Keep on the Road – A Guide to Maintaining Hydraulic Disk Brakes
Disk brakes are becoming increasingly popular and nearly every pro team has adopted them, although there are a few exceptions where rim brakes are still used.
Hydraulic brakes work using hydraulic fluid and pistons to push the pads together when you squeeze the brake lever. This is far more complex than standard rim brakes. As such, they do require more maintenance than rim brakes and from time to time repair.
With this in mind, let’s look at hydraulic brakes and how to keep them maintained.
Disk Brake Components Explained
In essence, your disk brake components are as follows.
- Rotor - This is the disk that is attached to the wheel hub.
- Brake pads - This is the part that makes contact with the rotor when you apply the brake and slows the bike down.
- Callipers - These hold the brake pads in place.
- Pistons - These push the callipers together as you apply the brake.
- Brake lines - These are filled with hydraulic brake fluid that activates the pistons when you pull the brake lever.
- Mounting bolts - These hold the brakes to the bike frame.
Inspect Your Brake Pads
It is important you inspect your brake pads regularly and replace them when they start to show signs of wear and tear. Your pads are very much at the sharp end of the braking system as this is the part that makes contact with the rotor and slows you down.
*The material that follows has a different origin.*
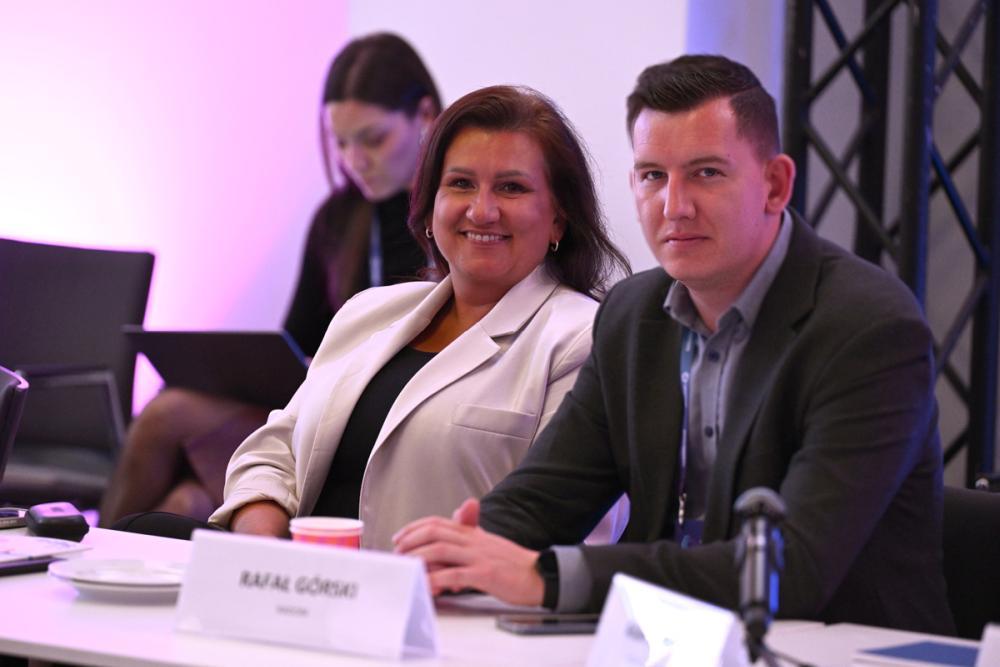 Premiera raportu i debata o przyszłości zrównoważonej mobilności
If you notice your brakes are losing responsiveness, it could be the pads are wearing out. So inspect and if necessary replace in the first instance.
Brake Lines can Leak!
Brake lines sometimes leak and if you can’t find anything wrong with the pads, take a look at where two lines join. You may want to tighten the connecting nuts and if there is a leak you might find fluid around that area.
Replacing braking fluid is a tricky job and is best left to a qualified bike mechanic.
Travelling and Disk Brakes
Disk brakes have a reputation for not travelling too well, so if you are taking your bike on a plane, train or car, it is advised that you protect the brakes during transit. The alignment of the brake callipers is very precise for the disk brake to work. When travelling this alignment can be easily displaced rendering the brake ineffective.
There are several products on the market to help you protect your disk brakes such as calliper spacers and tools that are designed to push the callipers apart should they have closed together due to the rigours of travel.
If you are travelling by plane it is a good idea to remove the rotors. If left to their own devices they may bend and warp. Should that happen, again, there are tools to help you bend the rotor back into shape. Consider using a disk brake cover to protect them from oils and other fluids that impede performance.
To keep your disk brakes in good working order, always ensure your brakes are clean and debris free. Using a dedicated disk brake cleaner is essential, and perform maintenance regularly, ideally before every ride.
What Should I do if My Disk Brakes Develop a Fault?
If your disk brakes develop a fault it is best practice to take your bike to a professional bike mechanic. They are quite tricky to repair due to their more involved and complex nature and given your brake’s importance to keeping you safe in the saddle, you are best advised to take your bike to an expert.
You could also invalidate the bike warranty by attempting to repair the brakes yourself.